The rule that supersedes all rules:
If it bends to the concept and you know what you are doing all following rules can be broken.

Which is the basic rule of pretty much all art that I know of. And these are in no particular order, despite being numbered. I'm using numbers 'cause of Neilsen's principles of website design... ^^;;

1. Do not split the canvas in half.
Why?: Because the eye doesn't know where to go. In the cases where a split in half works is where the character has two choices that are equal. So the rivals are on either side of the character.

2. The rule of thirds/Golden Mean

A more detailed explanation is here: http://en.wikipedia.org/wiki/Rule_of_thirds (I don't want it to run too long.) http://en.wikipedia.org/wiki/Golden_ratio

Smack in the middle of the canvas isn't interesting.
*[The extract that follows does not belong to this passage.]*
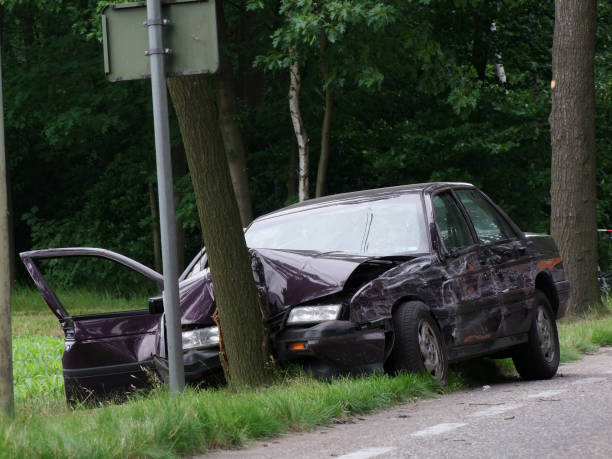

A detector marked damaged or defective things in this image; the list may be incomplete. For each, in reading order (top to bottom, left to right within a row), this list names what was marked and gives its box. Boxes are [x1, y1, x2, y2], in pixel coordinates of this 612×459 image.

broken headlight [182, 326, 220, 350]
crumpled hood [175, 250, 370, 322]
damaged purple car [21, 183, 572, 402]
broken headlight [286, 306, 342, 328]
You can lead the eye with negative space, shape and color. (If you do the tl;dr version)

3. Size matters.

A large object on a blank page will attract more attention than a small object (unless there is color theory, but I'm looking at composition more) A small dark object in a large space will also attract attention.
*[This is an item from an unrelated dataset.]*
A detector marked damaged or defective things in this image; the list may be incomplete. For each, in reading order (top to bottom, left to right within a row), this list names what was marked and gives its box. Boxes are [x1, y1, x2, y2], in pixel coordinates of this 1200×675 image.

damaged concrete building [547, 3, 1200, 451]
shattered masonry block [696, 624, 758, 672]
Therefore, in order to *usually* rank your object's importance you do it by size. This means usually the title or the author name is a different size. Debut authors usually get a smaller size font than the title.

Make sure the positive space does not equal the same as another if it's not on *purpose*. (You can simplify it by thinking about the object filling a jar)

If you're good with color theory, you can work against this.

4. Negative space has a function.
And that's not to merely fill it.

Negative space defines the positive space and depending on your piece can be more important than your positive space (Such as in typography or the dot in a large field)

Contrast of objects will also define the positive and negative space.

Along that line, margins help to contain the elements on the page, no margins makes it seem formless. And margins define objects and groupings. You can see this with paragraphs and below.

**** *****

or with a telephone number 1-800-555-2718

the space created by the dash creates a grouping. Margins are a type of negative space that does that.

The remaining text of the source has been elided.